Iorio Raffaele, Damato Valentina, Alboini Paolo Emilio, Evoli Amelia
Don Carlo Gnocchi ONLUS Foundation, Milan, Italy,
J Neurol. 2015 May;262(5):1115-9. doi: 10.1007/s00415-014-7532-3. Epub 2014 Oct 12.
Myasthenia gravis is an autoimmune disorder of the neuromuscular junction caused by circulating antibodies specific for the post-synaptic acetylcholine receptor or, in a minority of cases, for the muscle-specific tyrosine-kinase and the low-density lipoprotein receptor-related protein 4. A wide range of symptomatic and immunosuppressive treatments is currently available for MG patients with variable outcome. However, most immunosuppressive treatments are characterized by delayed onset of action and in some cases are not sufficient to induce stable remission of the disease. Rituximab (RTX) is a chimaeric monoclonal antibody specific for the CD20 B-cell surface antigen. Recent studies have provided evidence that RTX may be an effective treatment for patients with myasthenia gravis (MG) who are refractory to standardized immunosuppressive therapy. We performed a systematic review and a meta-analysis of the efficacy and safety of RTX in myasthenia gravis considering the potential predictive factors related to patients' response to RTX in this disease.

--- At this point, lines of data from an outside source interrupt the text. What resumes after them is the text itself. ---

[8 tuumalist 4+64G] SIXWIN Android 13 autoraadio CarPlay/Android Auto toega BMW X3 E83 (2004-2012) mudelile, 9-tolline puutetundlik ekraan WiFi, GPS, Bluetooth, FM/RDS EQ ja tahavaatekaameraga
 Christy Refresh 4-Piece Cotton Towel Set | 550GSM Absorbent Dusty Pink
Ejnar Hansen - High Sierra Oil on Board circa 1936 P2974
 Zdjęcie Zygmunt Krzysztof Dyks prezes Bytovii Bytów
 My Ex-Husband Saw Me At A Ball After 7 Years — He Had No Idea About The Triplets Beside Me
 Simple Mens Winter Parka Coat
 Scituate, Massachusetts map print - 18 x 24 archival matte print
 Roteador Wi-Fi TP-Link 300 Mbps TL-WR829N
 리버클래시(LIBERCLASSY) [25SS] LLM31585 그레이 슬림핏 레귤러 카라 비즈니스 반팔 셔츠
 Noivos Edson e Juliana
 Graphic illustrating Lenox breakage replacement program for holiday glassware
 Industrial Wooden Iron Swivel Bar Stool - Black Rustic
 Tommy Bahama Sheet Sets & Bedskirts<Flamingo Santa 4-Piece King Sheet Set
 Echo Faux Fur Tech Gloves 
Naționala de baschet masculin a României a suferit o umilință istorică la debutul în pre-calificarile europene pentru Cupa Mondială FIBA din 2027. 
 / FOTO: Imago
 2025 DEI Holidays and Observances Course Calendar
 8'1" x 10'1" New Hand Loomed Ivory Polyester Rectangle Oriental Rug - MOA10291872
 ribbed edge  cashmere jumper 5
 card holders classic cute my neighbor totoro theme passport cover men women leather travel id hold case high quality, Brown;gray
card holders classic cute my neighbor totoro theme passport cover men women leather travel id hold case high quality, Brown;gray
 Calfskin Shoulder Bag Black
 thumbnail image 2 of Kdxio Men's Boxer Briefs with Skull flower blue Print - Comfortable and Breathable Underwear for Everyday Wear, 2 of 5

重症肌无力是一种神经肌肉接头处的自身免疫性疾病,由针对突触后乙酰胆碱受体的循环抗体引起,少数情况下由针对肌肉特异性酪氨酸激酶和低密度脂蛋白受体相关蛋白4的抗体引起。目前有多种对症和免疫抑制治疗方法可供重症肌无力患者使用,疗效各异。然而,大多数免疫抑制治疗的特点是起效延迟,在某些情况下不足以诱导疾病稳定缓解。利妥昔单抗(RTX)是一种针对CD20 B细胞表面抗原的嵌合单克隆抗体。最近的研究表明,RTX可能是对标准化免疫抑制治疗无效的重症肌无力(MG)患者的有效治疗方法。我们对RTX治疗重症肌无力的疗效和安全性进行了系统评价和荟萃分析,同时考虑了与该疾病患者对RTX反应相关的潜在预测因素。